La lluvia caía pacíficamente, el cielo
era gris y una pequeña chispa de luz se elevaba por encima de nosotros
sostenida por un negro quinqué que daba tenue luz a tu mirada. Del otro
lado de la calle se encontraba una vieja tienda de verduzco toldo,
cacarizo por el sol; se podía respirar la humedad que una lila
desprendía.
El camino estaba lleno de una extraña
soledad, todo el mundo se encontraba resguardándose de la lluvia. Desde
mi lugar podía verse un grupo de personas divirtiéndose, se podían oír
sus risas; manteles largos los cubrían, un aroma a café escapaba por una
de las ventilas que habían olvidado cerrar; un travieso lunar sonreía
sin parar al compás de sórdidos movimientos luciéndose, engalanando la
noche con su vivaz frescura; un Don Juan, sin duda, coqueteaba con
largas cabelleras acompañado de un paliacate que haciéndole segunda
acaparaba la atención del lugar y honestamente la mía también llegando a
ignorarte.
El sonido de la lluvia poco a poco fue
matando tu voz haciéndola una más de las sonoras gotas que se
desmoronaban al caer sobre el pavimento.
Bella criatura sin duda quien se posaba
frente a mí, mirada cálida y risibles hoyuelos configuraban su
escultural rostro. Absorta en el dilema de su existencia, lo miraba
fascinada por singular belleza, su delicado cuello de cisne giró
perfilando sus claros ojos en mí.
Rápidos pensamientos cruzaron dando lugar a
una típica y estúpida reacción, el nerviosismo se manifestó desviando
la mirada hacía lo primero que hallé, un tenedor… ¿Oh, pero cosa más
cruel podía suceder? Vigilando sus movimientos volvía a él, aunque
deseaba poder irme algo lo impedía.
Ya no salía más humo de mi té, de lo que
fue un pastelillo migajas quedaban. El momento temido llegaba…

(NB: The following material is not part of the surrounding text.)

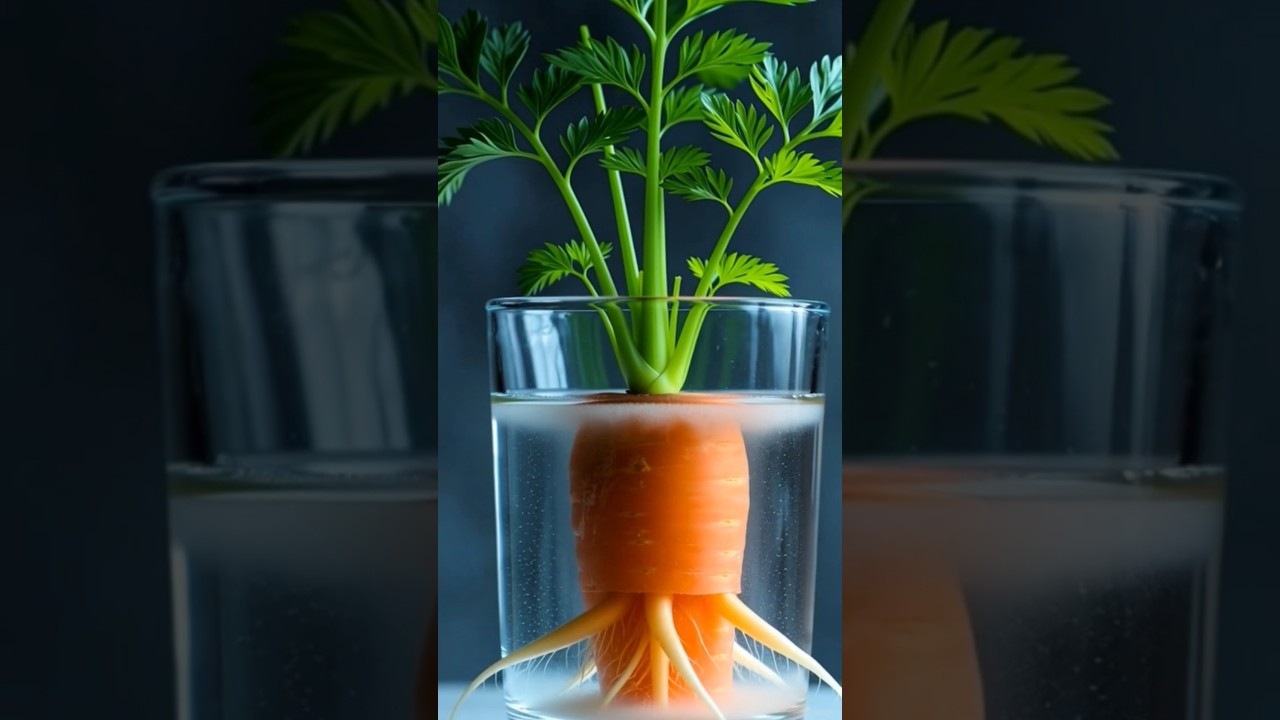 carrot 🥕 growing just in water 💦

lentamente te levantabas de tu asiento; agradeciendo por la compañía, te
dispusiste a salir, pero olvidabas dejar la propina, unos segundos más
para deleitarme de ti. Te seguí con la mirada hacia la salida, caminaste
por la alfombra roja que cubría el lugar, tomaste tu mochila de viaje
rápidamente y empujando las puertas reclinables saliste hacia la deriva,
tus acompañantes iban adelante lanzando risotadas por los aires
mientras tú disminuías la velocidad, los alegres juglares pasaron frente
a mí, ignorándome, una estatua más en su ajena vida.
Cuando volví la mirada para darte un último
vistazo, vislumbré una sombra, subías por la calle avanzando cada vez
más; uno, dos parpadeos, tu ondulado cabello comenzó a ser familiar bajo
la luz del quinqué, tu rostro era aún más bello y brillante, una lenta
risita se delineaba en tu fisonomía mientras se acercaba a mí, ¡oh!
aquel travieso lunar inclinándose me sonreía y sin darme cuenta se posó
sobre mi mejilla, tu calidez apresó mi cuerpo frío dejándolo en una
especie de catarsis.
La luz que por un momento fue abruptamente cegada y regresaba a medida que te alejabas bajo la lluvia.